When he saw Morrison walking towards him, he knew the autopsy was over. O’Connor was relieved that the last memory he would have of the girl would be the one from the grave, and not on a stainless steel slab.

‘Good evening, O’Connor.’ Morrison had already changed out of his autopsy garb.

‘So what do you have?’

Morrison eyed him the way you might an impatient schoolboy, assessing whether or not he was worthy of being given a speedy response. Morrison chose to be accommodating.

‘Well, Detective Inspector, what we have is an adolescent female, probably less than a year into pubertal period. There is very little fat tissue on the body, practically skeletal in certain areas, could be part of accelerated growth or an aggressive diet regime.’

‘Meaning?’ O’Connor looked up from writing in his notebook.

‘Meaning exactly what I just said.’

‘Fine. Go on. Sorry.’

‘The plaiting of the hair happened after the blows to the head, heavy matting within the hair follicles, broken in parts to achieve the tying of the plaits, along with cotton fibre interspersed, perhaps a cloth used to clear away some of the blood, of which there would have been plenty. No fresh blood on the outer layers. I believe some time had passed from the blows being given to the hair being plaited.’

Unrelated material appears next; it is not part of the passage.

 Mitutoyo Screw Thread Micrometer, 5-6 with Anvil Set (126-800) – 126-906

O’Connor continued to write in his notebook. He knew he would get a full report from Morrison in time, but at such an early stage in the investigation everything moved fast, and it was good to have certain things close at hand.

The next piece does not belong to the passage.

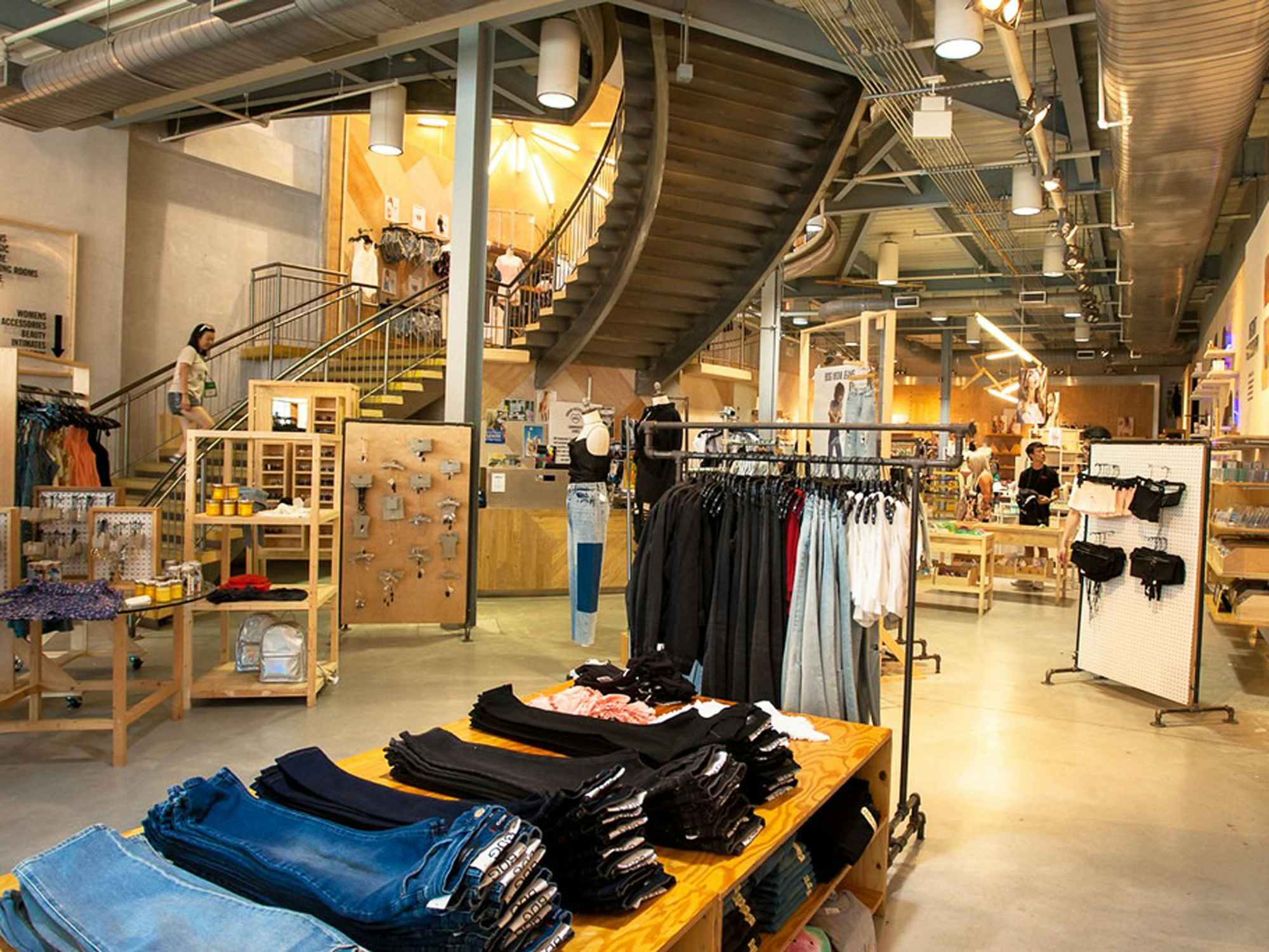interior of an urban outfitters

‘Also, Detective, there were bite marks inside the victim’s mouth. Judging by the size of the teeth marks, most likely belonged to the victim herself. The blows to the head came from behind, a narrow steel implement; the first blow did the most damage, after that it was just repeated force.’

‘But the blows didn’t kill her?’

‘No, asphyxiation is still the most likely cause.’

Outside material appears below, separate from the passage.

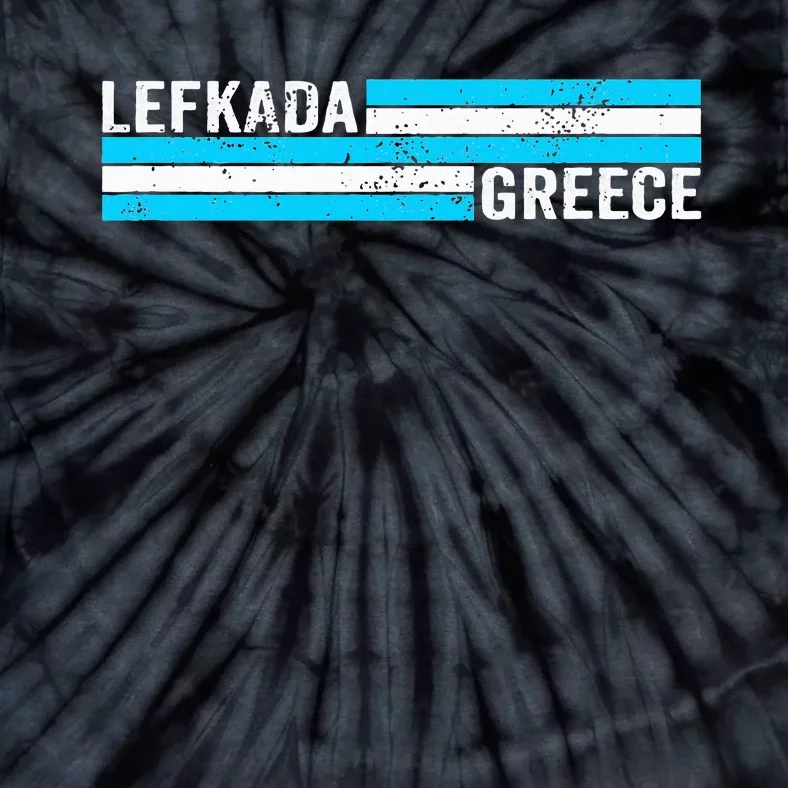 Lefkada Greece Souvenir Tie-Dye T-Shirt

‘And how the body was placed?’

‘That’s the interesting part. As you know, a body will automatically curl into the foetal position, but we are dealing with something very different here. When the girl’s body was placed underground, rigor mortis was in the latter stages, so a considerable number of hours had passed since her death.’

‘How many?’

‘Well, Detective, I normally avoid giving in-depth science lessons, but when the victim’s body was exhumed, a relaxed body state had already occurred. Therefore, in my opinion, the girl was killed shortly after she went missing.’

‘What makes you so sure?’

‘Rigor sets in within a couple of hours after death – you say the girl went missing around 4 p.m. on Wednesday? If the girl was killed a couple of hours later, rigor mortis could have begun to take hold by 8 p.m. The entire contracting process is completed within eight to twelve hours. So, using ten hours as an acceptable mid-ground, that means that the entire rigor would have been completed ten hours after death, or around 6 a.m. Thursday morning. The body then remains fixed for another eighteen hours in a state known as the rigid stage, which would bring us up to around midnight, and that’s important.’

‘Why exactly?’

‘After that point, the reversal of rigor occurs, but at some juncture after rigor began, the rigor was forced.’

‘Forced?’

‘He broke her bones, Inspector, at the knee joints, elbow joints, fingers … do I need to go on?’

‘No, I get your drift.’

‘Which is why the positioning is important. As I said, the way the body lay could be construed as a fairly natural position for a corpse, but this time nature had a helping hand.’

‘So what happens after the rigor reverses?’

‘To fully relax takes a further twelve hours. The body was exhumed around midday on the Friday, and at that point the body was practically in a fully relaxed state. Mind you, rigor can be variable based on conditions, but considering the girl went missing at 4 p.m. on Wednesday and the relaxed body state had already occurred when she was found, she had to have been killed within a few hours of going missing.’

‘Is that the end of the science lesson?’

‘Not quite. Do you want to hear this or not?’

‘I’m all ears. I’d never dream of rushing you.’

‘Correct answer, Inspector – any more room in that notebook of yours?’

‘Plenty.’

‘The tissue decomposition is important too. It wasn’t advanced. Therefore it was delayed in some way.’

‘How?’

‘Any number of reasons or conditions, but I’m talking about the time before burial.’